One of Russia’s largest steel producers, Novolipetsk Steel (NLMK), has reported a net loss of over 1.2 billion rubles in the first quarter of 2025—marking a dramatic downturn of more than -107% compared to the 17.2 billion ruble profit recorded during the same period last year. The reversal underscores the growing distress gripping Russia’s industrial economy amid sanctions, shrinking demand, and structural decline.
The financial disclosure, published via Interfax, reflects results from NLMK’s main production site in Lipetsk and is not consolidated across the entire group. Nonetheless, the deterioration is significant: revenue fell -14% year-on-year to 163.3 billion rubles, gross profit dropped nearly -48%, and operating profit collapsed more than elevenfold—from 41.3 billion rubles in Q1 2024 to just 3.8 billion rubles in Q1 2025. Accounts receivable also fell sharply, by over -25%, signaling declining future inflows.
These figures are part of a broader collapse across Russian heavy industry. While state media continues to promote a narrative of economic resilience, core export sectors such as steel, chemicals, and machinery are being hollowed out. Sanctions have severed access to key markets, parts, and financing channels. At home, weak consumer demand and the redirection of public funds toward war spending have left industrial output teetering.

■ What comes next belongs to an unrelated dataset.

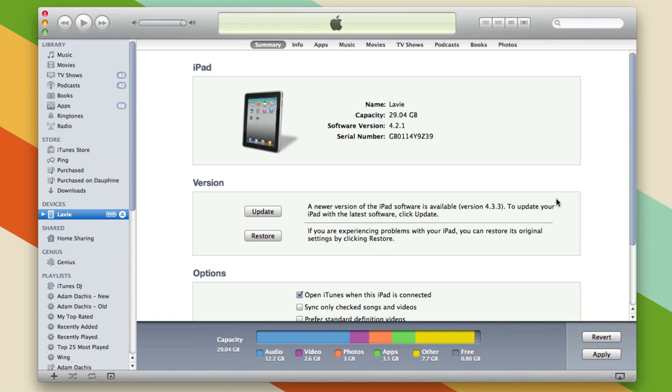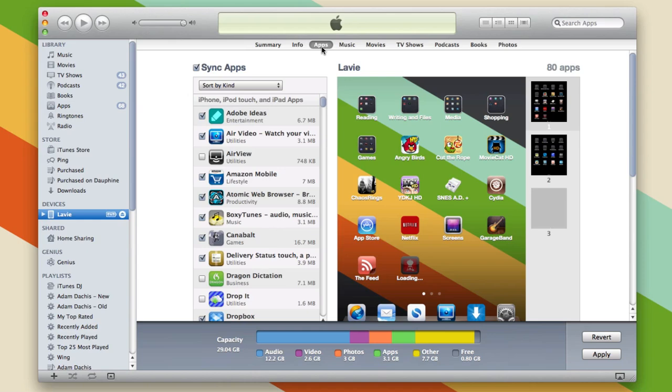If you connect your iPad, iPhone, or iPod Touch to your computer and open iTunes, you'll see it in the sidebar. Just click on it. You'll probably end up on the summary page, and then you go to the apps tab.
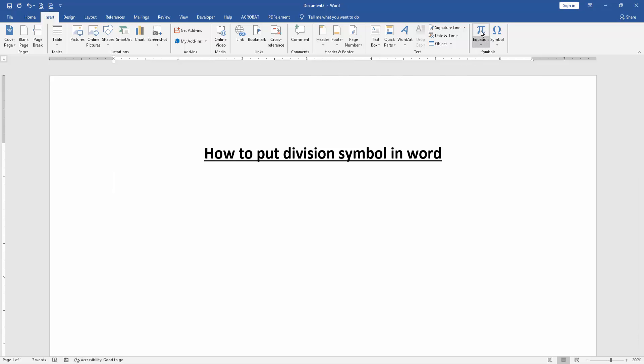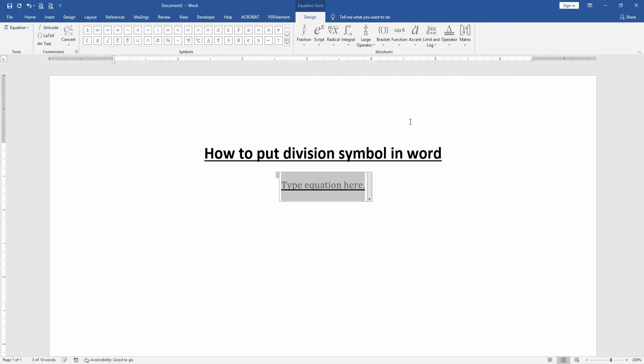Then click Equation. Then go to the Design menu and select the division symbol.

Steel production, long a symbol of industrial strength, is now one of the clearest indicators of systemic decline. Russian firms such as NLMK, Severstal, and MMK are facing falling global competitiveness, logistical bottlenecks, and increasing reliance on politically unstable trade routes. Construction activity has slowed. Investment is drying up. And government procurement, while rising in some defense-related segments, cannot fill the gap left by lost export volumes.
For NLMK, which traditionally ranks among the top steelmakers in Russia and Europe, the loss is not only financial—it’s strategic. The company’s vertical integration and prior global success have made it a bellwether of broader economic health. If even NLMK is operating at a loss, it suggests deepening dysfunction across the entire sector.
This collapse is also exposing the failure of Russia’s much-trumpeted “import substitution” policies. Industrial firms remain heavily dependent on foreign technology, components, and expertise. In many cases, sanctioned equipment cannot be maintained or replaced, leaving production lines vulnerable to breakdown and decline.
Despite rhetoric from the Russian dictator claiming that the economy is adapting successfully to wartime realities, results from the country’s largest industrial players tell a different story. When one of the Kremlin’s flagship companies swings from multi-billion ruble profits to outright losses in a single year, it’s no longer just a bad quarter—it’s a flashing red warning light.
NLMK may find short-term relief through state support or selective exports, but the overall trajectory is clear. Russia’s industrial core is shrinking, destabilizing, and becoming increasingly dependent on coercion and central planning to survive. The collapse is no longer theoretical—it’s in the ledgers. Especially since Russia’s agricultural sector is also experiencing Armageddon.